As far as internet provider service, I established our business website in late 1996 with a couple simple pages listing our products and how to get hold of us. The cost per month 21 years ago for hosting this was $50. Despite my website being a hundred times more dense in terms of content (no video) my cost have not changed. Well that is not true. After 18 years the cost increased to $56 a month. Now I could lower this cost by half by going to another host service but we have decided to keep our current host because they are located 5 miles away and have had good service with any problems we occasionally have.

So to imply that businesses will have problems hosting content is one of the more remarkably absurd claims I have seen. I am not saying it could not happen but the trend has been in the completely opposite direction, all before net neutrality happened.

The other issue is access to my data at the various places around the globe.
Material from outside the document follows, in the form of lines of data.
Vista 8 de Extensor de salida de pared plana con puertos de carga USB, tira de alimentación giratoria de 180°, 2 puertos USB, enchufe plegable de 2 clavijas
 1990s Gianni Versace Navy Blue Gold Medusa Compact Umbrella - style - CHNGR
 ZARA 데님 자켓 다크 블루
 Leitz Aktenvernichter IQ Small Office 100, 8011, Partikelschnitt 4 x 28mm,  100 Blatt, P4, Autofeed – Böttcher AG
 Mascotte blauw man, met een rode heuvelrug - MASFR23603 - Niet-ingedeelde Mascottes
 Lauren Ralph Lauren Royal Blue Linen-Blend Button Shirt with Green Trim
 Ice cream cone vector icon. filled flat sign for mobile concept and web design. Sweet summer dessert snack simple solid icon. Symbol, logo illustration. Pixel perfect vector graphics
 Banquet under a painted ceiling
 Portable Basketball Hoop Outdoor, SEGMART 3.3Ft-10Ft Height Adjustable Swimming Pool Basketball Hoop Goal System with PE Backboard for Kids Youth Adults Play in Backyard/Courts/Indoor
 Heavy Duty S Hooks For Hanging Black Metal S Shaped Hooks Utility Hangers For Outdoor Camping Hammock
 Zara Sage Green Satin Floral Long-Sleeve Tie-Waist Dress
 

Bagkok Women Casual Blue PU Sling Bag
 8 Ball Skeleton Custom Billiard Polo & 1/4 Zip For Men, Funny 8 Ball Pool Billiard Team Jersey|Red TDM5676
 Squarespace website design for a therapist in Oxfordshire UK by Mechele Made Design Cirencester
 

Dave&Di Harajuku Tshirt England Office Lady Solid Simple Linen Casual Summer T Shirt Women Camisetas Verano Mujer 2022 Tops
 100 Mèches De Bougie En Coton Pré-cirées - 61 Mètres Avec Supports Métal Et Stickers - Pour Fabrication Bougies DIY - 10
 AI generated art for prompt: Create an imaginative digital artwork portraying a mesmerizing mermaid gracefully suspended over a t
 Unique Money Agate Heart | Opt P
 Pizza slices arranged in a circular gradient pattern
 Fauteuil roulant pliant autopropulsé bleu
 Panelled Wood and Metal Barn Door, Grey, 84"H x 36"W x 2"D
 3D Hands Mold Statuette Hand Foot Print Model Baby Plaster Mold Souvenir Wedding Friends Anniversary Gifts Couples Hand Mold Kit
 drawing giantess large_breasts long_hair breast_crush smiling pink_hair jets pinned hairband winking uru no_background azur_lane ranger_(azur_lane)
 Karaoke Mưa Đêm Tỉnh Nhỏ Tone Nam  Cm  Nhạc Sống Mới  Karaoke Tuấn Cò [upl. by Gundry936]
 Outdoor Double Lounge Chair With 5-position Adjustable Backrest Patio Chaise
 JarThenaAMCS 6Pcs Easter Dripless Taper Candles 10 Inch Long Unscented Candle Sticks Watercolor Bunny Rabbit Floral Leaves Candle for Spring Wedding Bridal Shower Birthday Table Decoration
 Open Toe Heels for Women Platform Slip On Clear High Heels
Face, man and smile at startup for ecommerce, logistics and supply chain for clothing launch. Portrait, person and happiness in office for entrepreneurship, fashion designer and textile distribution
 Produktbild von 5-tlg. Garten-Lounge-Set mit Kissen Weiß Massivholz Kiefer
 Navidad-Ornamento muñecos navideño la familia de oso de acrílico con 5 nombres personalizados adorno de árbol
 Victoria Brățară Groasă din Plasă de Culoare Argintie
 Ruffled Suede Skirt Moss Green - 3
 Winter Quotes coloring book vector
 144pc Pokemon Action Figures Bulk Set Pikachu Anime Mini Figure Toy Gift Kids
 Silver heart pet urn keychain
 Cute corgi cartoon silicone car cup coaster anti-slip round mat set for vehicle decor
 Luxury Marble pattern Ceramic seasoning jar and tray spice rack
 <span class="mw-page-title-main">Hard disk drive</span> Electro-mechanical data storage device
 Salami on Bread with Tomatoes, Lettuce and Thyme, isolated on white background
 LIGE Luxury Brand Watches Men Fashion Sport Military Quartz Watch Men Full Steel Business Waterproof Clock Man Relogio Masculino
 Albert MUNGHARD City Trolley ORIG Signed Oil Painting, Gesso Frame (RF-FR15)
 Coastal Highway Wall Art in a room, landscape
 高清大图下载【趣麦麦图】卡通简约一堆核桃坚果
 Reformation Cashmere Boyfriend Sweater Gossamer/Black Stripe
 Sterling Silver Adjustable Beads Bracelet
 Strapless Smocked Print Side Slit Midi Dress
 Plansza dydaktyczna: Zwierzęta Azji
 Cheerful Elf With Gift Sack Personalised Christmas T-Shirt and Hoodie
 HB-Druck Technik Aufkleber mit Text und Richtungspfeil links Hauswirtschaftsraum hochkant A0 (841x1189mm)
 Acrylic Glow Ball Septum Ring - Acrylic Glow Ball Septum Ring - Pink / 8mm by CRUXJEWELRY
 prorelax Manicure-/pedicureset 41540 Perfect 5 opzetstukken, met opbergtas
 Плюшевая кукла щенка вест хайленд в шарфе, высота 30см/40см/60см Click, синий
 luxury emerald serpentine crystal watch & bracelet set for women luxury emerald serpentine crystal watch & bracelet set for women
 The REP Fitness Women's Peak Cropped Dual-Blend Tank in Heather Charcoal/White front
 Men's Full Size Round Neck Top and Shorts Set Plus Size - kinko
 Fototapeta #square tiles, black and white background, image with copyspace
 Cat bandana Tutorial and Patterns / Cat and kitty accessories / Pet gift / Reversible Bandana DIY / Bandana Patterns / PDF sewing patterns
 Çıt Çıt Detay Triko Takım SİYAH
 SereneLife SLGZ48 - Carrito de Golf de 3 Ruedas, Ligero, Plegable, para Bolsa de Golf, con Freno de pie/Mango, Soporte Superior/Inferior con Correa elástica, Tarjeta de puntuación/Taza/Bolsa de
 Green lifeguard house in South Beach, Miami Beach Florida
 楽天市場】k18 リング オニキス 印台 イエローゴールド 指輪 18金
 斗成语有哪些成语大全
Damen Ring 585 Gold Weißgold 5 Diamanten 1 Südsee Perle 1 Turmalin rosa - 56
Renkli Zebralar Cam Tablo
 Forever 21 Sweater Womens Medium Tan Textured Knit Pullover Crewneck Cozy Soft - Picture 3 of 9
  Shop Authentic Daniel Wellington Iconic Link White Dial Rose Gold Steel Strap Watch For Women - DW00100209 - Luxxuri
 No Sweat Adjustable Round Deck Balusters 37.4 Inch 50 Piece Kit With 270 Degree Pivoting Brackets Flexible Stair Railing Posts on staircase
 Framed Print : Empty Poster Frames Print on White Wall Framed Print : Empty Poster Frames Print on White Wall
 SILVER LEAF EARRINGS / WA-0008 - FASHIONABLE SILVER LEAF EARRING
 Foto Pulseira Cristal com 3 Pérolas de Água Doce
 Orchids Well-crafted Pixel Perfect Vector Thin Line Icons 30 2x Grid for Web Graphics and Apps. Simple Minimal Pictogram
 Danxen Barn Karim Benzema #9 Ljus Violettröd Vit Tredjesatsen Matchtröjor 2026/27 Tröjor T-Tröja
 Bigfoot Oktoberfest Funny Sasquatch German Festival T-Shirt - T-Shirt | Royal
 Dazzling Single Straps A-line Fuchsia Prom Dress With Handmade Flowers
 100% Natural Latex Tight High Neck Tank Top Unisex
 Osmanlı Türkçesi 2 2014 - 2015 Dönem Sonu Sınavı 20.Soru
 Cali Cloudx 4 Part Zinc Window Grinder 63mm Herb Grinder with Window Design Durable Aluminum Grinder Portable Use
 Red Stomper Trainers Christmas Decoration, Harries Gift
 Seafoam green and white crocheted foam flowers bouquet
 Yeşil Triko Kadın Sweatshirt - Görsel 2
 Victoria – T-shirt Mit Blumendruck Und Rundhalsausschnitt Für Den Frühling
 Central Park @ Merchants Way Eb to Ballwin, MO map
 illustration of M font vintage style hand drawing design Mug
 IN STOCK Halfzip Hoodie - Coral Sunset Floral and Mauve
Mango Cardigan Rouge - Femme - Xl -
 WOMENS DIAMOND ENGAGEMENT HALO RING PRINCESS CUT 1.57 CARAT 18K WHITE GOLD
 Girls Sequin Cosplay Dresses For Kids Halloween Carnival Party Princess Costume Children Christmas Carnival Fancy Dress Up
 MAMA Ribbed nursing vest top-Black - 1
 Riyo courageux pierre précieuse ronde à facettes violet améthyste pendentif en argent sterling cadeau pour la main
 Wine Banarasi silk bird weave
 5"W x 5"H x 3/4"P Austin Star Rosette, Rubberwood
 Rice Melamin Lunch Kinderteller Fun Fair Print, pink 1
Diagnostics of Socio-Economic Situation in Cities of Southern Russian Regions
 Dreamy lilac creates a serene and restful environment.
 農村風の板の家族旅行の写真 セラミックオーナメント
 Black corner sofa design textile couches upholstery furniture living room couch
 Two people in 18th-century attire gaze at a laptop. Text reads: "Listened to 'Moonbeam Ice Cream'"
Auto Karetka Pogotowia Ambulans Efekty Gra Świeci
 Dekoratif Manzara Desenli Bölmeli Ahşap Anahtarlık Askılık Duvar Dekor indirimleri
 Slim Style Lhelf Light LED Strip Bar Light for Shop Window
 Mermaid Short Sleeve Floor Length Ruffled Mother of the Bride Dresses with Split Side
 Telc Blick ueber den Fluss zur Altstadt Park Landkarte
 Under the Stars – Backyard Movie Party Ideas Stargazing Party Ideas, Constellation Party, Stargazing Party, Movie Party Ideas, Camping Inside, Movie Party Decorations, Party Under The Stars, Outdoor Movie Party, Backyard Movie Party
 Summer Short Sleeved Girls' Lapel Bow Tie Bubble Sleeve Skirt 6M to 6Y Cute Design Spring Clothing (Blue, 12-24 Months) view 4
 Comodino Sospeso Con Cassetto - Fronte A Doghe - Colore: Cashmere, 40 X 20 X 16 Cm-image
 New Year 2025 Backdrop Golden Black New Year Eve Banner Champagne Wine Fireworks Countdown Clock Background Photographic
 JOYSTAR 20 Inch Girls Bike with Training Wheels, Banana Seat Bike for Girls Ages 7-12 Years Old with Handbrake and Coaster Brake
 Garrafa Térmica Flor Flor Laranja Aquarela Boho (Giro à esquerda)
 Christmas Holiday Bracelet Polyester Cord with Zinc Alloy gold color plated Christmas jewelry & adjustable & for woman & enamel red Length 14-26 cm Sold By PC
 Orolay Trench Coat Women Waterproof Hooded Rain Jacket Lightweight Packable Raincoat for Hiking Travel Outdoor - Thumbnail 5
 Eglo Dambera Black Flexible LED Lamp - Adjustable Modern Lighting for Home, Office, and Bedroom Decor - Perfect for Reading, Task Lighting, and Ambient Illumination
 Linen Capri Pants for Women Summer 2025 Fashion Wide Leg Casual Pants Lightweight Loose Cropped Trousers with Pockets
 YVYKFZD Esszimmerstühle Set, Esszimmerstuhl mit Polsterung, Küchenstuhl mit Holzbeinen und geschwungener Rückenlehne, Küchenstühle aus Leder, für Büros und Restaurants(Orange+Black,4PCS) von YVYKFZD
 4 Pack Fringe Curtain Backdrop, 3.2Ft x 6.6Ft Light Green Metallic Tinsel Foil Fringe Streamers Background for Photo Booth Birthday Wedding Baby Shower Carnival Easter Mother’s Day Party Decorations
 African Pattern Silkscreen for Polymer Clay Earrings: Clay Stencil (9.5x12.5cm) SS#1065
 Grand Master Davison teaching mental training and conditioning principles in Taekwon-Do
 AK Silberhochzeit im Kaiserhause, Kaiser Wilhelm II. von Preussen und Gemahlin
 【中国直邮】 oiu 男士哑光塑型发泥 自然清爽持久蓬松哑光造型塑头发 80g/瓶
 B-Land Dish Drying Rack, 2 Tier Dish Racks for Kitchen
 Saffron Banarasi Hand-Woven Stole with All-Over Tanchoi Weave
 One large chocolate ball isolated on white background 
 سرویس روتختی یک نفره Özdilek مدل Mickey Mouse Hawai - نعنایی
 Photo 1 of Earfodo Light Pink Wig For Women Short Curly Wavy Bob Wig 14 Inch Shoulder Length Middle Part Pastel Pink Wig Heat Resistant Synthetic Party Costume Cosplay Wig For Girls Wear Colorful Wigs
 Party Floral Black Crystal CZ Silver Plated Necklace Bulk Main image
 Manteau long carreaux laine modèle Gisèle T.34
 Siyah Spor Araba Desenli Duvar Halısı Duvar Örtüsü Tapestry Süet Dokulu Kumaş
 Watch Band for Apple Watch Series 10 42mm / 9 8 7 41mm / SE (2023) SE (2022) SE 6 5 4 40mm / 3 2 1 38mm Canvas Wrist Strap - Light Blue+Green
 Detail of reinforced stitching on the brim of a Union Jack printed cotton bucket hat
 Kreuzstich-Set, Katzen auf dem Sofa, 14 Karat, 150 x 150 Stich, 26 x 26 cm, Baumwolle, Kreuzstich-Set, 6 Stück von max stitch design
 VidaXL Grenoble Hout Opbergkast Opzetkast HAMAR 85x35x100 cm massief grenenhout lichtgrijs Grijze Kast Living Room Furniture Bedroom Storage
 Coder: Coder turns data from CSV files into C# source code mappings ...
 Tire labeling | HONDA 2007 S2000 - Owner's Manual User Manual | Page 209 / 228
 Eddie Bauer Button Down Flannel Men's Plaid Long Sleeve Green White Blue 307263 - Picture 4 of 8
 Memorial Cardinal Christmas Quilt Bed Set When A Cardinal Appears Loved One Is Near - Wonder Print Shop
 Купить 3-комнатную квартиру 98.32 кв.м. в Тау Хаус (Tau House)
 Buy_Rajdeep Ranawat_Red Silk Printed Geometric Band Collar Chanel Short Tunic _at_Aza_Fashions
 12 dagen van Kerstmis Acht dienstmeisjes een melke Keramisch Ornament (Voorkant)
Net neutrality only covers the US so what other countries do is of no consequence to this debate. I have not seen any change in the last couple years in my business access to anyone. I would probably see this if someone complained about accessing my site. One or twice I have had complaints and they were due to my provider temporarily having an issue but nothing due to discrimination of my content for any means. I have not seen anyone on the internet complaining about this.

So why the big deal? Look to politics and not to any convenience denied to individuals.

My cost for access to internet (different from hosting my website) has gone up a little. We have a business account and it costs $70 per month. We agreed to pay additional money to have faster service a couple years ago. This mainly affected upload speeds for photos in emails or to dropbox. I assume this would disappear under net neutrality but hasn't yet. In other words net neutrality would prevent one from getting better service.

Our internet access has come through the cable company, of which we do not get cable TV (deleted this service recently due to the innovations on the internet obviating the need for it. Would net neutrality prevent these innovations.). We have at least one option to change to the local phone company but we left them about 6 years ago because of bad service. My guess is that other providers will spring up if things get out of hand.